David Shillman, associate director in the SEC's Division of Trading and Markets, said yesterday that the SEC would "build on Nasdaq's proposal" to address the "mechanics of the [risk] controls" required by broker-dealers offering sponsored access to their customers. Shillman spoke yesterday at a FIX Protocol Ltd. conference on technology and trading in New York.
Sponsored access is a trading relationship whereby a broker-dealer uses its market participant identifier to allow a customer to trade directly on an exchange. Those customers can be other brokers or non-broker-dealers. Under some arrangements, a customer's flow passes through the broker's systems, while in others it does not. Brokers are responsible for their customers' order flow regardless of how it reaches the marketplace.
The SEC's goal has been to "come up with a uniform rule that sets a minimum baseline standard of minimum financial and regulatory controls for those offering the service," Shillman said. He added that Nasdaq "stepped up earlier this year and filed a model rule in which many of those concerns are identified."
Shillman said Nasdaq's proposal identified most of the relevant risk management controls that should be addressed. "We're going to focus primarily on the mechanics of how those controls are applied," he said. "At what point in the order transaction cycle [should the controls be applied], and who has control over the controls?"
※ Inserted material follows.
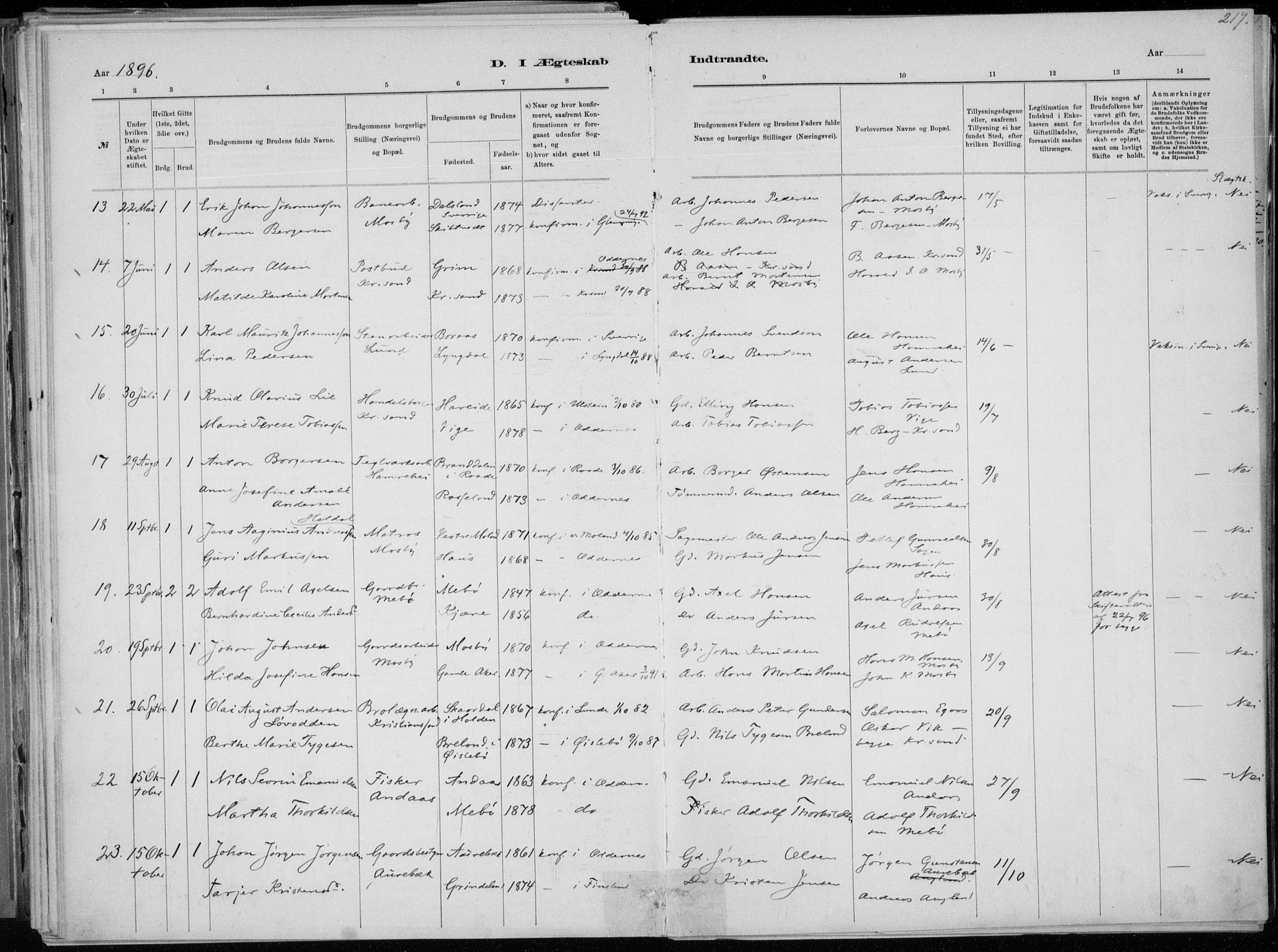 Oddernes sokneprestkontor, AV/SAK-1111-0033/F/Fa/Faa/L0009: Parish register (official) no. A 9, 1884-1896, p. 217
The SEC's latest sponsored access efforts are driven by the growth of high-frequency trading. The SEC has worked with exchanges and the industry on a sponsored access proposal for more than two years. Over that time, Shillman said, high-frequency trading has come to dominate the industry. Many of these firms use sponsored access to trade directly on markets.
"Given the increasing concerns about sponsored access and the fact that it's grown so dramatically, we're starting to feel a sense of urgency that we wrap things up and assure that there is an effective rule in place uniformly across the markets," Shillman told conference attendees. SEC Chairman Mary Schapiro recently directed the agency's staff to develop a "Commission-level proposal that accomplishes that," he said, adding that "we'll certainly be building on Nasdaq's proposal...as we develop that."
Nasdaq's sponsored access proposal, according to industry participants, is likely to be approved in the near future. At yesterday's conference, Jeffrey Davis, deputy general counsel at Nasdaq OMX Group, said Nasdaq "filed what we think is the final amendment" to the exchange's sponsored access proposal on Oct. 23.
In December 2008, Nasdaq proposed a rule outlining various sponsored access arrangements for trading on its market. Once the SEC approves the amended rule, copycat versions are expected to be adopted by all the other exchanges to ensure consistency in sponsored access arrangements across market centers.
The October amendment, which ran to 54 pages, outlined the responsibilities of broker-dealers offering sponsored access to their customers. While the customers may include brokers and non-brokers, the controversial aspects of sponsored access concern what's called "naked access," or unfiltered access, to an exchange. That refers to trading by non-broker customers whose order flow reaches an exchange directly, without first passing through the sponsoring broker's risk management checks and filters.